IMO it's an important part of growing up and learning to be independent to at times not have one's parents know what they are doing. Give them the tools (common sense) and let them be as much as possible.

I agree...and reality (facts/statistics) say crime is down...we lived in a bubble...maybe that was a good thing for most of us
 
Of course, it depends on how old and how mature the kids are. Little ones need to be watched constantly, 24/7. Older ones can be gradually left on their own, but parents still have to know what they're up to. You don't wait until they're 18, then suddenly turn them loose. Neither do you give them a chance to make life altering decisions before they're ready.

I'm not so sure about that...my family had a lot going on when I was growing up...the last thing I wanted to do was cause my parents more worry so I was careful not to do that...I had no curfew and came and went as I pleased...so did my girlfriends...we chose guys to hang around with who had the same freedom...I often would phone my mum at 2 or 3 to say I was staying over at a friends...I was...I didn't lie

when I got to university and saw these kids who had been coddled go wild I was horrified...like wtf...this was the time to settle down and work...these other youngun's were drinking and partying non stop...I was way beyond that by then...I felt like their mum and often did mother kids my own age
 
What I mean by this is putting cameras on their computers, stuff to hack and monitor their emails, search their bags regularly and interrogate them about who they are texting on the cellphone since it has an area code from the city next door? I think it is bad since it can make them paranoid and unable to express themselves. I think people should all have an outlet somewhere. No I do not think the outlet should be murdering people but I think if you restrain a person too much that might very well be the road they lead down. A lot of parents are stupidly judgmental and do not understand that a child is not going to necessarily be a clone of you, or your robot. So a lot of times that child is not free to do things which they believe will displease mom and dad. I believe we should watch children but I dont think we should be suffocating them. I know parents say its to protect them since that 1 in a thousands kid is doing something stupid.
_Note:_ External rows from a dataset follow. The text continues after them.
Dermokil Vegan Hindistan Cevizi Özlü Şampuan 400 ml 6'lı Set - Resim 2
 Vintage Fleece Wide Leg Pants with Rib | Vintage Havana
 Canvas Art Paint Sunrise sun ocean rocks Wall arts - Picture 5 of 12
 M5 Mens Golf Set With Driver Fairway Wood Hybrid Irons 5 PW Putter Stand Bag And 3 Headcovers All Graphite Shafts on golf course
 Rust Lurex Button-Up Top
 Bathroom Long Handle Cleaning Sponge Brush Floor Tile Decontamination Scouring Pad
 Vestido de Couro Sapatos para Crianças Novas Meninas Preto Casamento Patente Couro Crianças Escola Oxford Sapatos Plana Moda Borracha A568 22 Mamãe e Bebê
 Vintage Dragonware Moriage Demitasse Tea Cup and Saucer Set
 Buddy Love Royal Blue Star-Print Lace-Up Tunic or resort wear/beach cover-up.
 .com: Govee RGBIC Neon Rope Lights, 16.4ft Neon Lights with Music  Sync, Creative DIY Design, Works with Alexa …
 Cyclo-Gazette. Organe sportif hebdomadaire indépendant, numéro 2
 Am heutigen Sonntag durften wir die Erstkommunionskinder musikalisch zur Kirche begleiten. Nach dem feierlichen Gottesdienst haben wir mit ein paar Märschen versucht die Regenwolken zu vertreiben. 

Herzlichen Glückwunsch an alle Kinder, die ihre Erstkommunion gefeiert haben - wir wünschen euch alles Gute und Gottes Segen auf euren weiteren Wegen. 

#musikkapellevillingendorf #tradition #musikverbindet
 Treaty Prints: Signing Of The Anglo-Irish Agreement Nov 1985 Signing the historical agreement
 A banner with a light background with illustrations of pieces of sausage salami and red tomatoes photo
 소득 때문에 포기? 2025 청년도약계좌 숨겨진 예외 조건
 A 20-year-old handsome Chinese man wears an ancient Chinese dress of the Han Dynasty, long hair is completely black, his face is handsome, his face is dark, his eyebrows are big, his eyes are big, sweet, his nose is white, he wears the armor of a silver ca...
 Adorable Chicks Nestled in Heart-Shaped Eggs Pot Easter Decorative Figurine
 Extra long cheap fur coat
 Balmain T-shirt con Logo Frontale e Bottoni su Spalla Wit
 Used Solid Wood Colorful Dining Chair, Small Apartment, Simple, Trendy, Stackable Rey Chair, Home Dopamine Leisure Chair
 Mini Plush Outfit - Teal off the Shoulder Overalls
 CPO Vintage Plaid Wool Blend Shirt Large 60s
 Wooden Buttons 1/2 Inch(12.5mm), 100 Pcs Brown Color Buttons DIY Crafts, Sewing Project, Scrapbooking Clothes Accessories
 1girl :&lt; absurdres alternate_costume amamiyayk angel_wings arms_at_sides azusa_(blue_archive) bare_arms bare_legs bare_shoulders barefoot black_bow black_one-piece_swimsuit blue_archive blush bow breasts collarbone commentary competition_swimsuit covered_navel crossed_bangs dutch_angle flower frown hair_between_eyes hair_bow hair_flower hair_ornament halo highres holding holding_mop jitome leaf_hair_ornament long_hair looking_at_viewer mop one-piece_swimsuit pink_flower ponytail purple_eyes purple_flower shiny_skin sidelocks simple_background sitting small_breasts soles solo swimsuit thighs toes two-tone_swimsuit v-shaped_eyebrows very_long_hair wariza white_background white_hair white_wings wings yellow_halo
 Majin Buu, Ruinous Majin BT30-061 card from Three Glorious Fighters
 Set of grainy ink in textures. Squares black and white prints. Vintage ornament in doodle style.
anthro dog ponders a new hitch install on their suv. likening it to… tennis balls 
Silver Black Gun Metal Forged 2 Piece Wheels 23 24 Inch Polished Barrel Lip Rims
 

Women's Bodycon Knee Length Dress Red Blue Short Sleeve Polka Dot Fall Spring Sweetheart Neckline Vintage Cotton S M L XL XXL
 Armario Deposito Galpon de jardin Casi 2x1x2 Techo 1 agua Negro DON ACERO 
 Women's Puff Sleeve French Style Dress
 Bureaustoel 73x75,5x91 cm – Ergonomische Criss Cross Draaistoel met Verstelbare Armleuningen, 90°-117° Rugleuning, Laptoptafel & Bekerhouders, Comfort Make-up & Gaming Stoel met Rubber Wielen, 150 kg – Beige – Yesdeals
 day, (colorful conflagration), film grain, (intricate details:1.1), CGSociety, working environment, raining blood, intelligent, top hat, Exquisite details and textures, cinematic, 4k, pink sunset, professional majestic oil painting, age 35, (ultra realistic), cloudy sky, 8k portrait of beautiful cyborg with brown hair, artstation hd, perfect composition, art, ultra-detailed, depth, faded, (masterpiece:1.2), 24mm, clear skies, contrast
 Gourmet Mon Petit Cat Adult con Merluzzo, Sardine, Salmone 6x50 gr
However is having 999 psychos really worth it?

I say no to spying and yes to watching and monitoring your children. A camera in their room monitoring them 24/7 without their knowledge is wrong. Checking up on them when your parental instincts lead you to believe they are lying or deceiving you is not. The computer is more dangerous than a gun to most children today. I don't think you should monitor every minute they are on the web or phone. I think you should randomly check on these devises and if suspicious get to the bottom of it. I would get professional help if necessary to track down a suspicion. Don't overlook the good responsible child. They are where your biggest surprise or nightmare may come from.
 
Fine line between parent and friend. It's a kinda I know it when I see it line. But it is gratifying once they become adults and you can switch roles and they actually respect you and thank you for what you sacrificed for them. Never completely stop being a parent but it's nice when you can be their friend too.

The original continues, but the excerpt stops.